The teams were asked to address the following in their designs:
- Social housing delivery
- Meeting a specific housing need
- Strategies for overcoming delivery barriers
During the three hours. A potpourri of sketches, hand drawings, collages and 3D renderings began to emerge. As the hours ticked away demand for printing and coffee grew in equal measure.
Some drawings ended up on the floor as more and more elements were added outgrowing the space on large trestle tables. With presentations looming a procession of USB sticks were handed in so PowerPoint presentations could be shown to a review group.
“That important [lived experience] voice is being considered around each table and each design” Trish Owen, Lived Expereince Advocate
Each team was given a strict four-minute window to present their design to the room. A review group of experts were invited to provide reflections on the design at the end of the presentations.

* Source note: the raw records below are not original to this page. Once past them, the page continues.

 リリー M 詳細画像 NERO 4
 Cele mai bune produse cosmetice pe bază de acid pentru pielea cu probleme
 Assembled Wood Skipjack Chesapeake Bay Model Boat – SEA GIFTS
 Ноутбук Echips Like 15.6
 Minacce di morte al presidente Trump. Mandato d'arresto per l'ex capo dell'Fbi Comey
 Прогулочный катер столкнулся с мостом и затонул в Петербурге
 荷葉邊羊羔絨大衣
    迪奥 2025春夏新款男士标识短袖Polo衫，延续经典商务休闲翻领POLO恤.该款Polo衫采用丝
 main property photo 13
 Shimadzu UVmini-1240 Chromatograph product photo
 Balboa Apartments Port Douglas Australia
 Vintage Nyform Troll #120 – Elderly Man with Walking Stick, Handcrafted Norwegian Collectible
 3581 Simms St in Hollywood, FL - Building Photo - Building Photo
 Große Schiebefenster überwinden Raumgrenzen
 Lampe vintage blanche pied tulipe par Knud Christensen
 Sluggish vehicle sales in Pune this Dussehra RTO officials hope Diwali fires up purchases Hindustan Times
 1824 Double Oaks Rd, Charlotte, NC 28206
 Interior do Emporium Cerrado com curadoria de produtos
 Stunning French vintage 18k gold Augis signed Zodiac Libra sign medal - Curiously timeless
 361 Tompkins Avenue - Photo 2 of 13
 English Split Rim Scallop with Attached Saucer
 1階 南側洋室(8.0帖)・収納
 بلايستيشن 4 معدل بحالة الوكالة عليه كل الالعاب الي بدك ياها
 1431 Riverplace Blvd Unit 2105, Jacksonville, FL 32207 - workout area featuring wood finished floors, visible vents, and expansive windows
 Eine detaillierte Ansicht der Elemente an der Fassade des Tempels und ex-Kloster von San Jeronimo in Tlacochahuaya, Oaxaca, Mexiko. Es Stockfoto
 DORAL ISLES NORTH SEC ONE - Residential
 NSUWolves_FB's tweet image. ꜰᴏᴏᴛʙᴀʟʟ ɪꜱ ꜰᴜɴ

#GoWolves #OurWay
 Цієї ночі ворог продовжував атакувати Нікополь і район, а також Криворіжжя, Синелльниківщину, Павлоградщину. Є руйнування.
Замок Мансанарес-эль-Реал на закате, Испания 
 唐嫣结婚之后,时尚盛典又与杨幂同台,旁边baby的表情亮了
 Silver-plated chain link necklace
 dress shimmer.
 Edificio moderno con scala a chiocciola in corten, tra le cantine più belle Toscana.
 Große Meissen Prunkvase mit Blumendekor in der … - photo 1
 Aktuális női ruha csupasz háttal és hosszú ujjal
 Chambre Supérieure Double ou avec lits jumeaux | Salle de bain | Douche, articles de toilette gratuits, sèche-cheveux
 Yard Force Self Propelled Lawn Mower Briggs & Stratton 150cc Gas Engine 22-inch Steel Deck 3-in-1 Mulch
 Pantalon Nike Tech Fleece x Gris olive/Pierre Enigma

The review group comprised of:
- Dominic Letts; Chief Operating Officer, Fleetwood Australia,
- Sandy Anghie; Deputy Lord Mayor of the City of Perth and Architect,
- Rebecca Moore; Government Architect
- Trish Owen; Lived Experience Consultant.
The outcomes report outlines a series of key recommendations to be considered by the state government to increase housing supply which will support the WA Housing Strategy 2020 – 2030. This report has been delivered to the State Government. Shelter WA will continue to advocate for innovative solutions to deliver the social and affordable housing needed in WA.